Business questions don't come in the form of database logic or program code. Rather, they are formulated using *natural language* and must be translated into *data language*. As a data analyst, you must clarify: "**What exactly are we taking the average of?**" Here it's helpful to think in terms of collapsing, grouping, and observation keys, especially when conceptualizing how many observations are going into your denominator.

This problem isn't confined to SQL, but rather any store of relational data, such as pandas.DataFrames or R data tables. And if you're anything like me, you'll go poring over your old code grepping for averages and wonder, "just what exactly am I averaging here?"

*This was originally published on alexpetralia.com and is reprinted with permission.*

*To learn more, attend Alex Petralia's talk, Analyzing data: What pandas and SQL taught me about taking an average, at PyCon Cleveland 2018.*

## 1 Comments

Yes, it is important to know what is the goal.
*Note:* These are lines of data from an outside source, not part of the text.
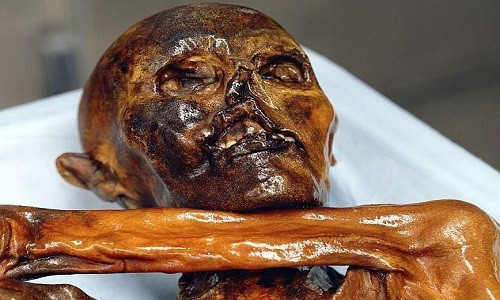 Bí ẩn lời nguyền xác ướp cổ nhất châu Âu đoạt mạng 7 người - Hình 10 Bi an loi nguyen xac uop co nhat chau Au doat mang 7 nguoi-Hinh-10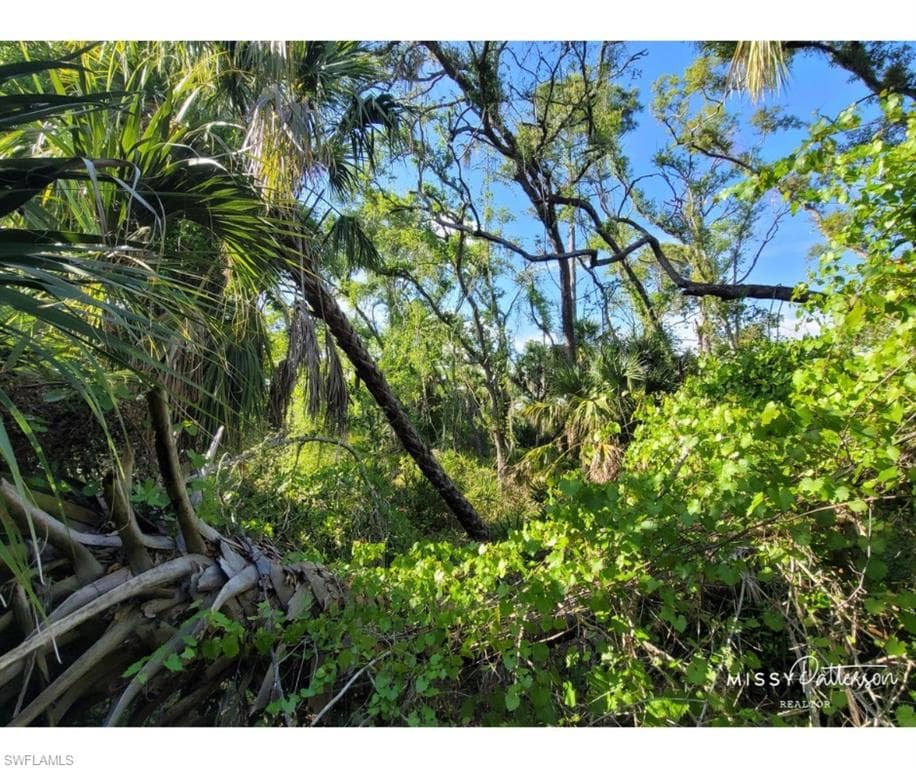 17108 Greenan Ave, Port Charlotte, FL 33948-5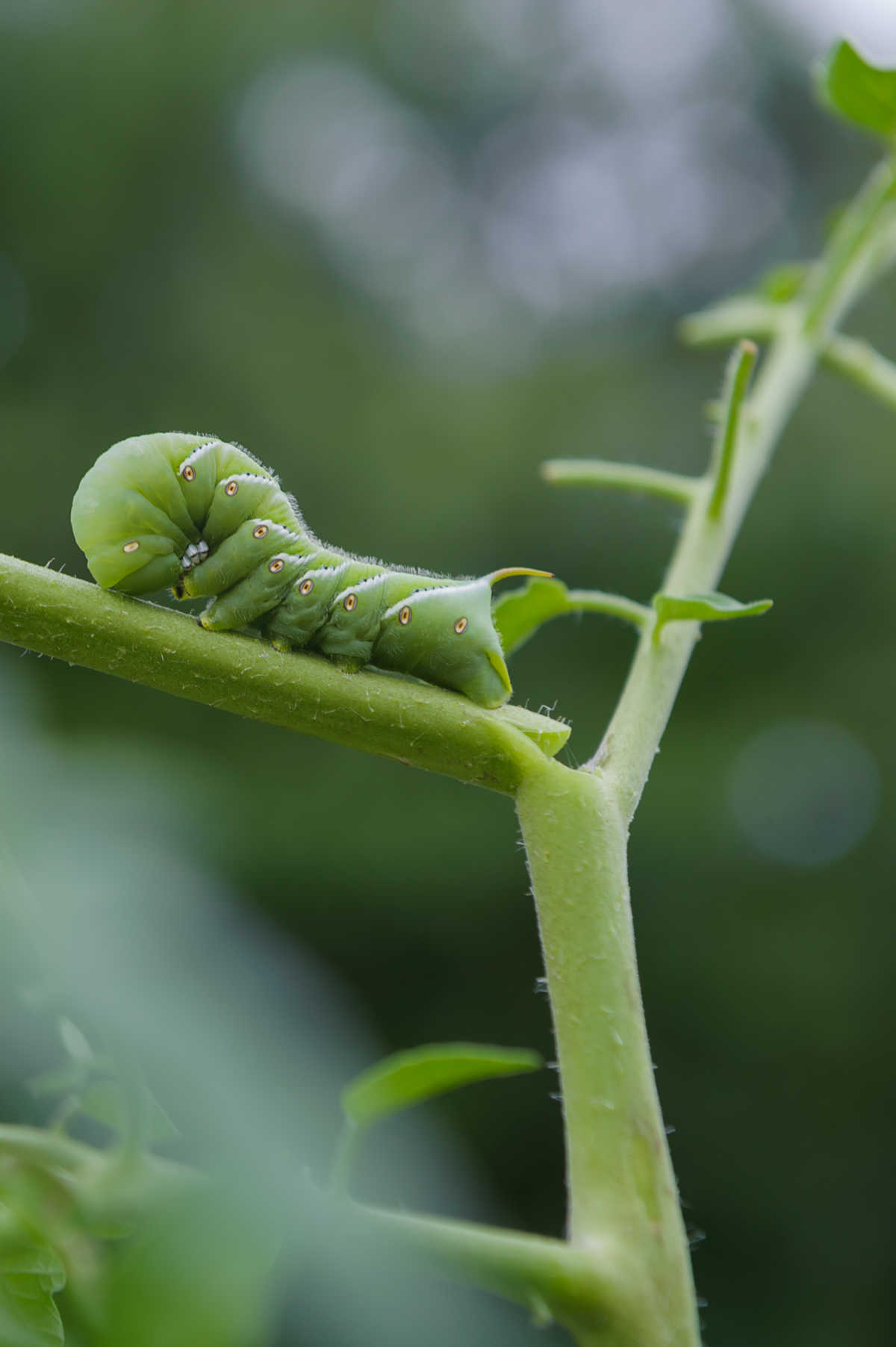 Dano à planta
I think all mentioned problems would also be solved by doing the summing and counting separately, with a general pattern of:

SUM(values) / COUNT(DISTINCT keys)

As you mentioned, table (observation) key might be different than desired grouping key, hence DISTINCT keyword in COUNT.

I do like your approach to do sanity checking every time - reminds me of good practice of testing the code that is quite standard in other software development areas.